With an estimated 5.5 million Americans now living with Alzheimer’s disease, Dr. Brian R. Ott, director of Rhode Island Hospital’s memory-disorder center, and Lori Daiello, the center’s research scientist and clinical research administrator, are on a mission.
“It’s been estimated,” said Ott, director of the Alzheimer’s Disease & Memory Disorder Center, “that if we can delay the disease by five years, we can reduce the prevalence by almost 50 percent. That’s a reasonable goal.” The Alzheimer’s Association estimates approximately 23,000 Rhode Islanders have the disease.
Positron Emission Tomography scans now allow researchers to examine the brains of living patients in clinical trials to identify the presence of proteins that interfere with normal brain functioning as they accumulate in the brain.
With such information, patients can receive treatment early, even before symptoms appear, said Ott. Earlier, researchers were limited to studying post-mortem patients’ brains to evaluate the presence of such proteins.
Among the multisite Alzheimer’s trials that Ott’s team is involved in is one taking a new approach. Unlike other studies, which address the damage amyloid proteins do to an aging brain, this study is evaluating whether an immunotherapy will attach to tau proteins and prevent their spread.
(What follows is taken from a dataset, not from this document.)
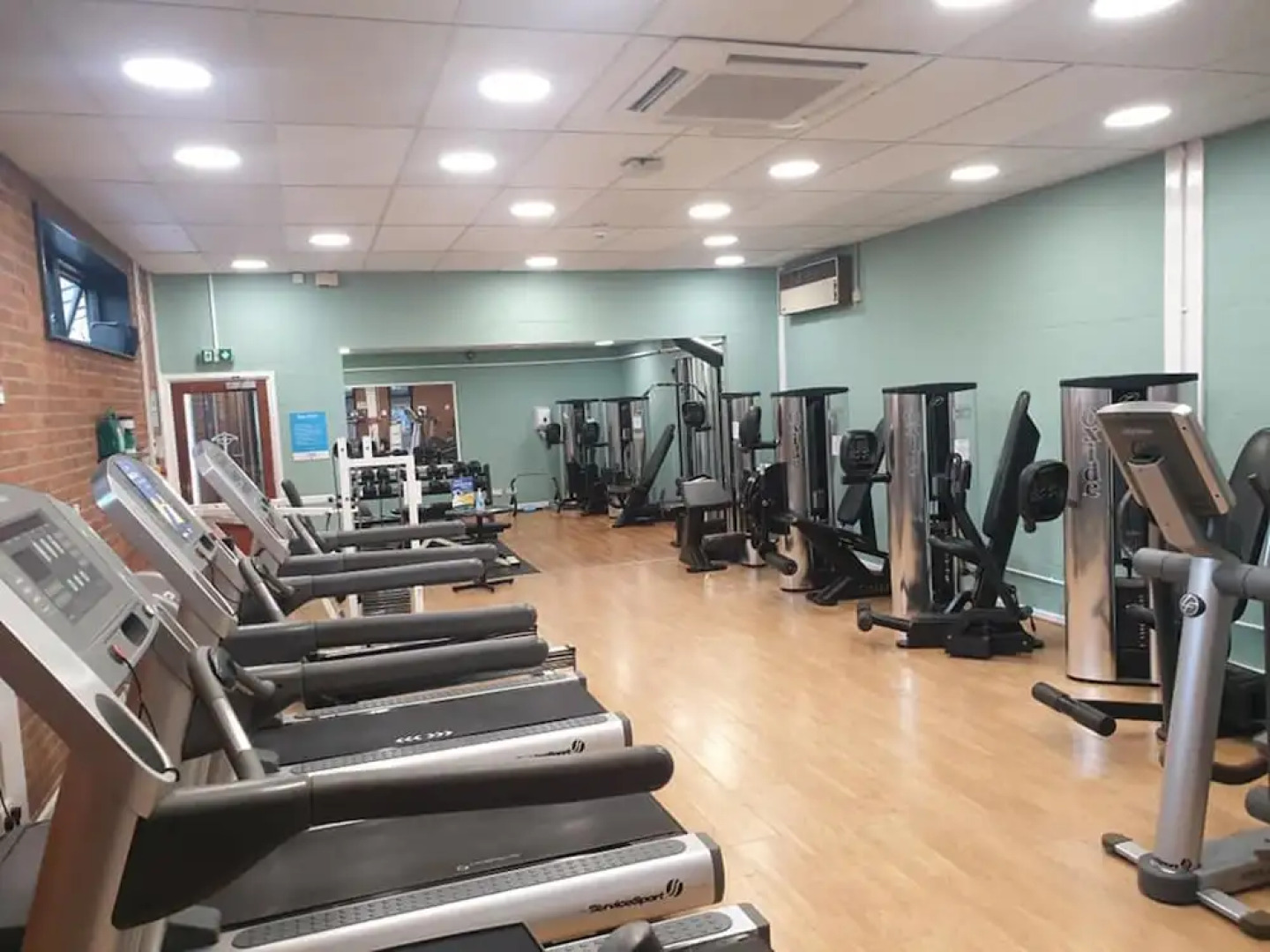 2 Bed Chalet, St Margaret's at Cliffe, South Coast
As RIH’s principal investigator for Alzheimer’s trials, Ott and his team are recruiting volunteers with early Alzheimer’s for this trial. Of this immunotherapy, Ott said, “These [tau] tangles … are more closely associated with symptoms of dementia than amyloid plaques … this may be the better target for people with Alzheimer’s symptoms recently diagnosed.”
RIH is also a site for the international Anti-Amyloid in Asymptomatic Alzheimer’s study, perhaps the largest Alzheimer’s trial to date. It evaluates whether intravenous injections of antibodies against amyloid proteins could slow Alzheimer’s onset in cognitively normal individuals whose brains show some amyloid accumulation.
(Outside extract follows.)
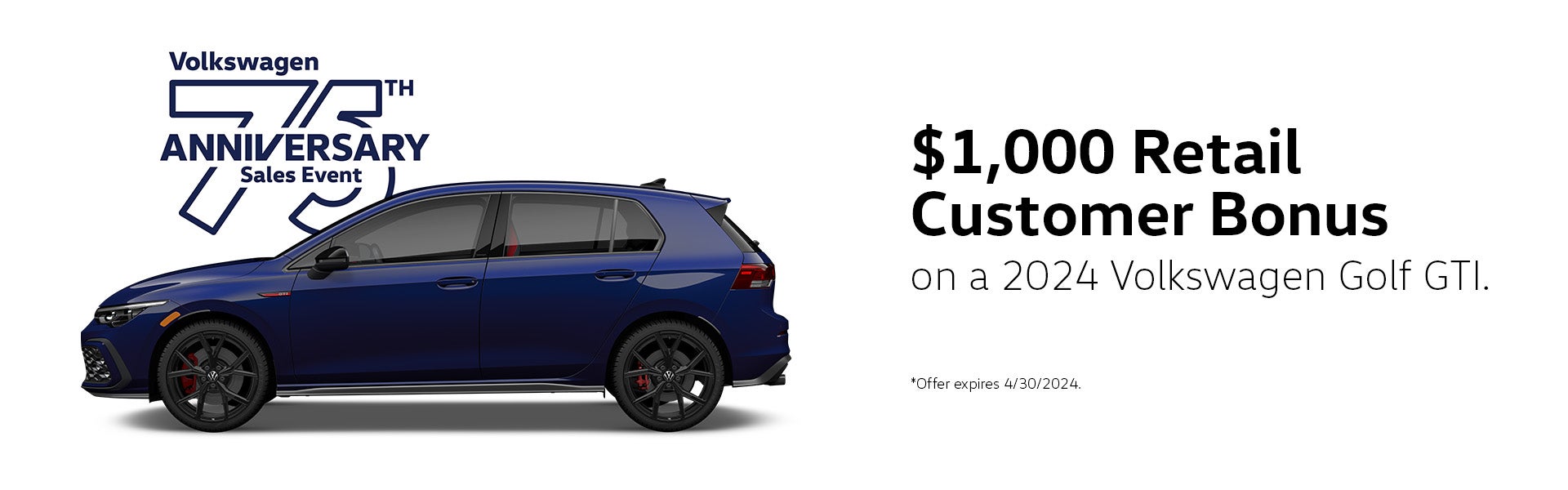 Volkswagen Dealer in San Rafael, CA Used Cars San Rafael Volkswagen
Ott, a neurology professor at The Warren Alpert Medical School of Brown University, has seen remarkable progress since he came to the state in 1989 to focus on Alzheimer’s. A researcher on 76 – and counting – Alzheimer’s, or other dementia, studies, Ott has seen a paradigm shift, now that drugs, including Aricept, Exelon and Razadyne, are available to treat Alzheimer’s.
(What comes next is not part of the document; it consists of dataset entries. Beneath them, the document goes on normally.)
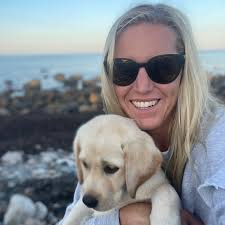 Who We Are — IPA Connect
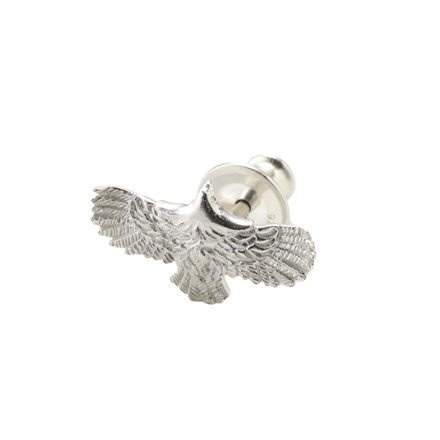 Eagle Pierce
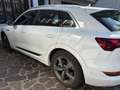 Audi e-tron S Sport Attitude quattro cvt - thumbnail 5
The RIH center finds appropriate trials in which to participate, said Ott, by contacting pharmaceutical companies when research on new drugs seems particularly promising, being contacted by drug companies and through clinical-trial consortiums.
Research is not the exclusive focus of the center. Southeastern New England’s largest such memory-loss center, it treats 350 to 400 new patients each year, said Ott. The center provides counseling about patients’ diagnoses and prognoses, information on support services and medications.
With approximately three dozen staff members, the center generally seeks trial participants from its patient cohort; however, it must recruit approximately five times as many people as are actually needed for a clinical trial, as not all applicants fit a trial’s precise parameters.
RIH is not Rhode Island’s only Alzheimer’s research center. Dr. Stephen Salloway leads the Memory & Aging Program at Care New England’s Butler Hospital; Salloway and Ott are principal investigators for several of the same Alzheimer’s clinical trials. Brown University, the University of Rhode Island and a research facility unaffiliated with any hospital, Rhode Island Mood and Memory Research Institute, are also conducting research.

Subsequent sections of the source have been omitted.